The study, "State E-Health Activities in 2007: Findings From a State Survey," released in February, was funded by The Commonwealth Fund and the National Governors Assn. It found that the District of Columbia and the 41 states that participated in the study felt that e-health was important, with 70% responding that it was very important.
But the states varied in terms of what e-health activities they deemed the most significant, ranging from e-prescribing to chronic disease management. They also varied in the number and kinds of obstacles that prevented those activities from taking place, barriers such as privacy laws, technical challenges of securing data, project funding and a lack of collaboration among project stakeholders.

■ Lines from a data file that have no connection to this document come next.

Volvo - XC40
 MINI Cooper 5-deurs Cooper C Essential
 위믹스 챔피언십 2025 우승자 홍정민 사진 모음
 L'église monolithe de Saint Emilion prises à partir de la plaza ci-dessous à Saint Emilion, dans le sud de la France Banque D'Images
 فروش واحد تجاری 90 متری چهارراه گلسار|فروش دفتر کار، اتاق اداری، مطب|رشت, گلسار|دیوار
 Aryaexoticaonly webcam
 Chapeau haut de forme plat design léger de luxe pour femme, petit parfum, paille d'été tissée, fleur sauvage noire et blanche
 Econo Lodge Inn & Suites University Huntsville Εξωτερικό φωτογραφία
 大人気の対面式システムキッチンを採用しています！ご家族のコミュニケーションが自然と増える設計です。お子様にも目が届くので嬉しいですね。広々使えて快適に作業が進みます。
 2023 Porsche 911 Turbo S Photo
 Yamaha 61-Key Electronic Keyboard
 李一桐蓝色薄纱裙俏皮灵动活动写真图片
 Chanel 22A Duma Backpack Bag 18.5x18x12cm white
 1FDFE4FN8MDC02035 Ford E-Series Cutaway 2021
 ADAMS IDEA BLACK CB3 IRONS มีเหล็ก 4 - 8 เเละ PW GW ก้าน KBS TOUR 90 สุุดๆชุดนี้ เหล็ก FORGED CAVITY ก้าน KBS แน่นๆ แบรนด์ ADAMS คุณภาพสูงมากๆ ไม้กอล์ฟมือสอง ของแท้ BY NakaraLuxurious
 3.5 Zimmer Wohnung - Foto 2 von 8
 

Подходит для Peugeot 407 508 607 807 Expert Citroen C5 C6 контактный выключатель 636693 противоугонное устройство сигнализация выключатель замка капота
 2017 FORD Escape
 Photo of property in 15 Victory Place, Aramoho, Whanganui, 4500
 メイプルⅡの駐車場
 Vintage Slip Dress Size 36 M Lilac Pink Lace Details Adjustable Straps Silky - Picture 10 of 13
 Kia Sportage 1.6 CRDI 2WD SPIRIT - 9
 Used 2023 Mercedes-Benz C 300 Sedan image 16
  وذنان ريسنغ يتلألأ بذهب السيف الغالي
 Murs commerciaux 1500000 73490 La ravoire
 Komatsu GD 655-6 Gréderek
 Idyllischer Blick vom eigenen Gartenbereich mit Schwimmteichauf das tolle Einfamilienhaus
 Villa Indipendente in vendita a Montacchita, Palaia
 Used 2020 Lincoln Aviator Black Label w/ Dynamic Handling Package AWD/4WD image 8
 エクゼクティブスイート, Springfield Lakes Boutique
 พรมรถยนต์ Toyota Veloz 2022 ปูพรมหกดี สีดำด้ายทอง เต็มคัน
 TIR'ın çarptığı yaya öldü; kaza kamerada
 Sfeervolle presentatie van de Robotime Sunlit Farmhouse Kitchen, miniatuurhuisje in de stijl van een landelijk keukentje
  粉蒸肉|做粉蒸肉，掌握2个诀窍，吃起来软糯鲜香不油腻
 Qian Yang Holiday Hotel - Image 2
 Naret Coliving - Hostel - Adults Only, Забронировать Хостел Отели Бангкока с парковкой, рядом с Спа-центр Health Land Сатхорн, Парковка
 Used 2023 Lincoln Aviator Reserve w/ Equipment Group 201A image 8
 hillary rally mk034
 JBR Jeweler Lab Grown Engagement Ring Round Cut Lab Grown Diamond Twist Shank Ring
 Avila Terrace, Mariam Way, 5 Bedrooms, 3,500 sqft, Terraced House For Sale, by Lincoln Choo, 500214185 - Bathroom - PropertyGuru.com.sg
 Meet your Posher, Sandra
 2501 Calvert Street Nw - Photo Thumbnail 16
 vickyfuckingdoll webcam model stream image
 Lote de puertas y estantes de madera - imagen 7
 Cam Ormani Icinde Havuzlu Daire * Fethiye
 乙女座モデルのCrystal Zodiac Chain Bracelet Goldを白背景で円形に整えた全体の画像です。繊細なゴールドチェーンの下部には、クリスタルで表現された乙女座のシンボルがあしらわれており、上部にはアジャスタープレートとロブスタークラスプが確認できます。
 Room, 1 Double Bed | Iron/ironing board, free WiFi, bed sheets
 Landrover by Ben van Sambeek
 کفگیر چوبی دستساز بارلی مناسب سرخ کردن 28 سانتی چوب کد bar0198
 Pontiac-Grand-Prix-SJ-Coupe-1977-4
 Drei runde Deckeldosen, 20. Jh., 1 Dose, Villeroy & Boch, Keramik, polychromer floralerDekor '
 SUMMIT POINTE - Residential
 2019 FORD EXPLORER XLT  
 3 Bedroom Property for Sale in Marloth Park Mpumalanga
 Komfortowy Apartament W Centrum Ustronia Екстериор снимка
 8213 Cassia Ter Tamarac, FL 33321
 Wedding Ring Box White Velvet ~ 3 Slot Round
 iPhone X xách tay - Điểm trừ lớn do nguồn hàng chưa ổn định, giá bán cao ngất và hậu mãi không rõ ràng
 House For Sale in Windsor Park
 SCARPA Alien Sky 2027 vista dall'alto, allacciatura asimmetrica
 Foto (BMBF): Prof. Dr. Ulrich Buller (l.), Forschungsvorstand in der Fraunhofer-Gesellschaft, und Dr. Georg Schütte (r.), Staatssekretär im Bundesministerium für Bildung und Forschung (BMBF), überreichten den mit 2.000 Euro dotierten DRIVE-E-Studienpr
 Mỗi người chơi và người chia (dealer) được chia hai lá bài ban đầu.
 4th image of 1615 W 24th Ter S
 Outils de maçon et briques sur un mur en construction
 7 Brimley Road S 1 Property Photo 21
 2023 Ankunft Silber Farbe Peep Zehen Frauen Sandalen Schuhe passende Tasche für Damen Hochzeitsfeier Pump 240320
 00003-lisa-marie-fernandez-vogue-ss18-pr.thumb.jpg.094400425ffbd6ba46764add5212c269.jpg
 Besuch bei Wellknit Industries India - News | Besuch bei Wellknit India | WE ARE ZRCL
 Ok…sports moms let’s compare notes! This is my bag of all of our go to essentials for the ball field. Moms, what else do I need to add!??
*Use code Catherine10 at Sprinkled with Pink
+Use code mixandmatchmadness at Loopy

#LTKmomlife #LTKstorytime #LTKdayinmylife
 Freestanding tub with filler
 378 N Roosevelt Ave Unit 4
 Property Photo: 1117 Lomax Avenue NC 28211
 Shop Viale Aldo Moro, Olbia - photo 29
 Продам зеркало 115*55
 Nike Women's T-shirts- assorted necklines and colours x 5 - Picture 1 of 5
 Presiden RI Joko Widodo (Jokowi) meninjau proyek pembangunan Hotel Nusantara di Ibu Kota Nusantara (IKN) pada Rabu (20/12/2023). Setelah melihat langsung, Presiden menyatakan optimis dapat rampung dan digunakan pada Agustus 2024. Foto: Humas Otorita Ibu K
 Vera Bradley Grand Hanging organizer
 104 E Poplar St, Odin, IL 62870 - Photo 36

The study's authors said that important goals, including those that might lead to a nationwide health information network, remain on the horizon. The study concluded that virtually all states now are "actively engaged in the promotion and implementation of e-health strategies," but that "the challenges are significant" in an "undertaking that will be well worth the effort."
"I would say a trend to track would be the formation or expansion of operational regional or statewide" electronic health information exchanges, said Kathleen Gifford, a study co-author and a principal at Health Management Associates, which funded the study.
"Obviously, increases in the number of eHIEs or other increases in the scope of eHIE activities would suggest that various barriers are being addressed and to some extent overcome" such as privacy, security, standards and funding, she said.